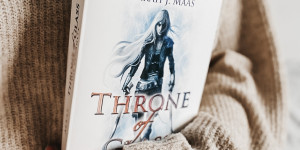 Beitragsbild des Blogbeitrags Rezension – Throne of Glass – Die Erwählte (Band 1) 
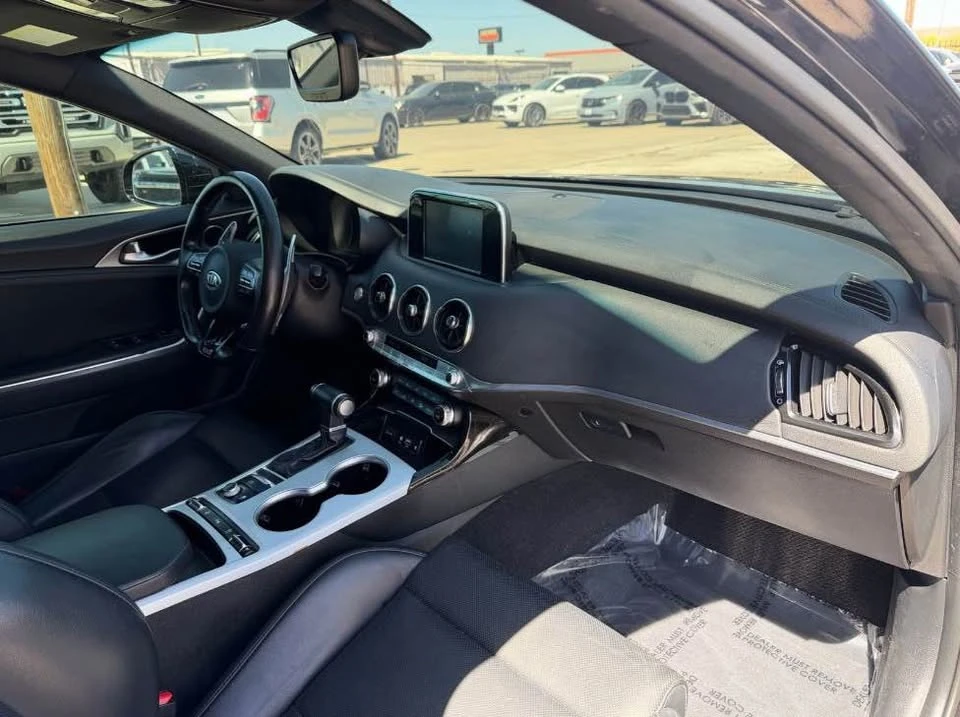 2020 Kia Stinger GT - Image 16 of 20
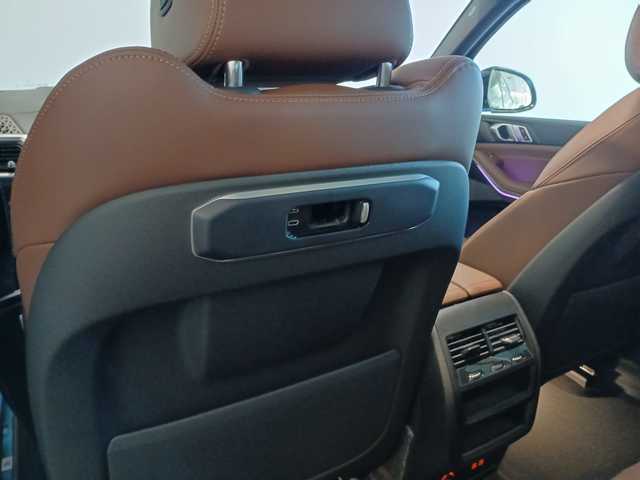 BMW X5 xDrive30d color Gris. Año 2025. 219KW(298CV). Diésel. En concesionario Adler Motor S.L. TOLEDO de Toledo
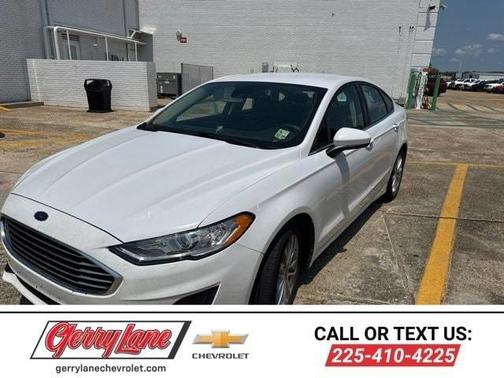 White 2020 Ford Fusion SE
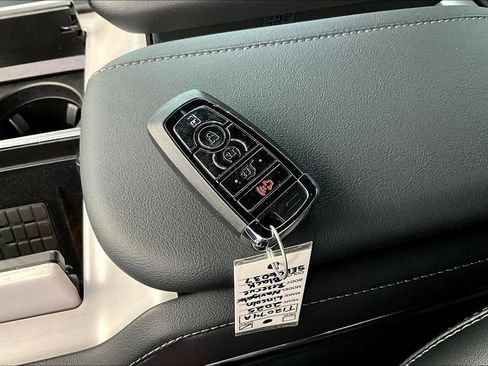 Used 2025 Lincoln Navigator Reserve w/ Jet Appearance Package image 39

★ ★ ★ ★

Every entry should come back exactly as written, only without images.

» **Output**:
 Beitragsbild des Blogbeitrags Rezension – Throne of Glass – Die Erwählte (Band 1) 
 2020 Kia Stinger GT - Image 16 of 20
 BMW X5 xDrive30d color Gris. Año 2025. 219KW(298CV). Diésel. En concesionario Adler Motor S.L. TOLEDO de Toledo
 White 2020 Ford Fusion SE
 Used 2025 Lincoln Navigator Reserve w/ Jet Appearance Package image 39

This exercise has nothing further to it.